Minion and Lucene: Finding Variants
By searchguy on May 03, 2008
The idea was that removing the suffixes on a word would save space (since you need to store fewer terms in the dictionary and store fewer postings), and it would allow the users to type in any variant of a particular term. The engine would stem the query terms before looking them up in the dictionary, resulting in the engine returning the documents for all variants of the term.
The problem with this approach is that it makes it impossible to search for a variant in exactly the way specified by the user. So, for example, you couldn't search for the surname woods without also getting hits for the singular wood.
By default, both Minion and Lucene store the word forms encountered in the documents in the index, rather than storing (for example) stemmed forms. The difference between the engines is that Minion provides for searching across term variants at query time. By default, Minion
searches for all known morphological variations of the query terms. We generate the variations using a lightweight morphological framework that uses a set of rules similar to the set used by stemmers. The interesting thing about this is that the lightweight morphology is generative, so that given a term we can produce a set of terms that we should try to lookup in the dictionary.

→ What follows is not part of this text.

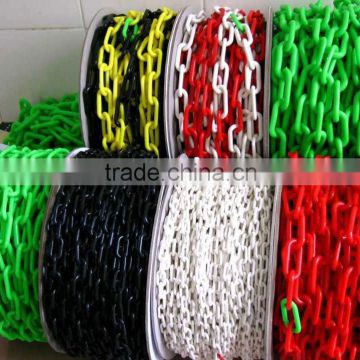 Cheaper price factory sales worksite safety plastic chain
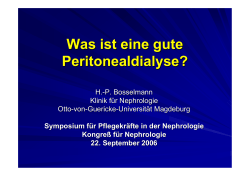 Was ist eine gute Peritonealdialyse? - WB-nephro.de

The lightweight morphology tends to overgenerate, but it overgenerates in a lot of the same ways that people tend to. The good thing is that if it generates something that's not really an English word (e.g., I've seen it generate happiless from happiness) then the dictionary lookup will fail and it won't impact the query results.
We currently have lightweight morphological analyzers for English, Spanish, and German (and one for French that we haven't integrated yet!)
This behavior can be modified with the use of the
EXACT query operator. Additionally, Minion provides a language-independent stemmer that can be selected at query time using the
By default, Lucene only searches for the form provided in the query, so, for example, a query for dog will exclude documents that only include the plural form dogs. Lucene can be configured to stem the terms as they are added to the index and then stem the query terms, but this leads to the problem described above.
A solution to this is to use the lightweight morphological analyzer to generate the variants and then modify a query to look for any of the variants. In fact, we did this in some of our evaluations of Lucene.